I attended Osgoode in the mid-1980s and had
a different perspective on the quality of education
offered by professor Mandel and other members
of the staff. After having studied political philosophy at the undergraduate level where left-wing
ideology was always in fashion, I was happy to
be able to go to Osgoode where I expected and
hoped to acquire a solid grounding in the technicalities of law and prepare for a career providing expert advice. It did not take long before I
succumbed to the disappointing realization that
a number of professors at Osgoode at the time
were more obsessed with the promotion of their
own extreme left wing views and impregnating
students with the seeds of their own cynicism
against “the system”. Not only were they not
focusing on law, but the public policy discussion
in class was excessively loaded with irrelevant
and anachronistic Marxist rhetoric. While universities should promote intellectual inquiry and
critical thinking, some of this stuff was simply
embarrassing and inappropriate in any serious
institution of higher learning.
In my labour law class I remember professor
Harry Glasbeek responding to a question by suggesting that the only way to improve employeremployee relations was to have a revolution and
abolish private property. When I pointed out
that this had been tried in places like Russia with
no clear improvement in the plight of the working class, the professor replied that “real communism” has not yet been attempted. What about
the use of martial law to squash the Solidarity
Trade Union in Poland? Again, that was not
“real communism”.
In criminal procedure class professor Alan
Young repeatedly told the students that the
greatest threat to our civil liberties was the
police and CSIS. He entertained the class once
by playing a punk rock song and distributing the
lyrics, which included a passage about confessions made under duress. I wondered how much
this would have made Andrey Vyshinsky convulse in fits of laughter.
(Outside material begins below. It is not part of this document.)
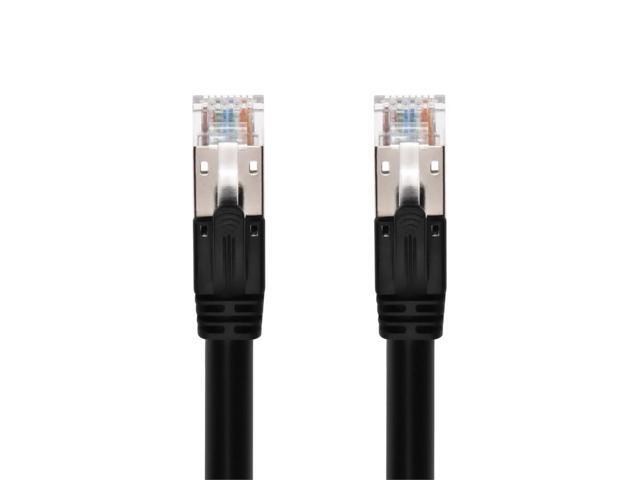 Monoprice Cat6A PoE Patch Cable - 3 Feet - Black 100W, PoE ++ (IEEE 802.3af/at/bt), UTP, 22AWG, 500MHz, Pure Bare Copper, Shielded RJ45, Ethernet...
In first year civil procedure Professor Alan
Hutchinson peppered his class with denunciations of the legal system using different words
under the umbrella of the “critical” school of
thought. It did not take long to figure him
out. On the exam at the end of term I shoveled as much communist propaganda about the
bourgeois oppression of the proletariat into my
answers as I could within the time allotted (my
previous degree in political philosophy and visits
behind the iron curtain came in handy). I was so
grateful that the exam writers were only identified through anonymous numbers. When I
thanked Professor Hutchinson for the “A” that he
gave me as my course grade, his jaw dropped and
he said “If I had known it was you, I would not
have given it to you”.
I disliked many of these teachers for spoiling my law school experience with their own
personal political agendas and wasting precious
time. However, the question that bugged me the
most was “who hired these guys?” It seemed
to me that they would be more appropriately
giving lectures at the Patrice Lumumba University in Moscow. In my third year of law school
a new Dean was appointed and I asked for a
short meeting. In his office I told him that I had
a suggestion for improving the quality of teaching at Osgoode. “What is it?” he asked. “Fire
half the faculty,” I told him. He quickly showed
me to the door. I was thinking about writing an
article about the degeneration at Osgoode, but
subsequently read William F. Buckley’s God and
Man at Yale and realized that the same tragic
phenomenon of the quality of university education going down the drain had already been brilliantly described decades earlier.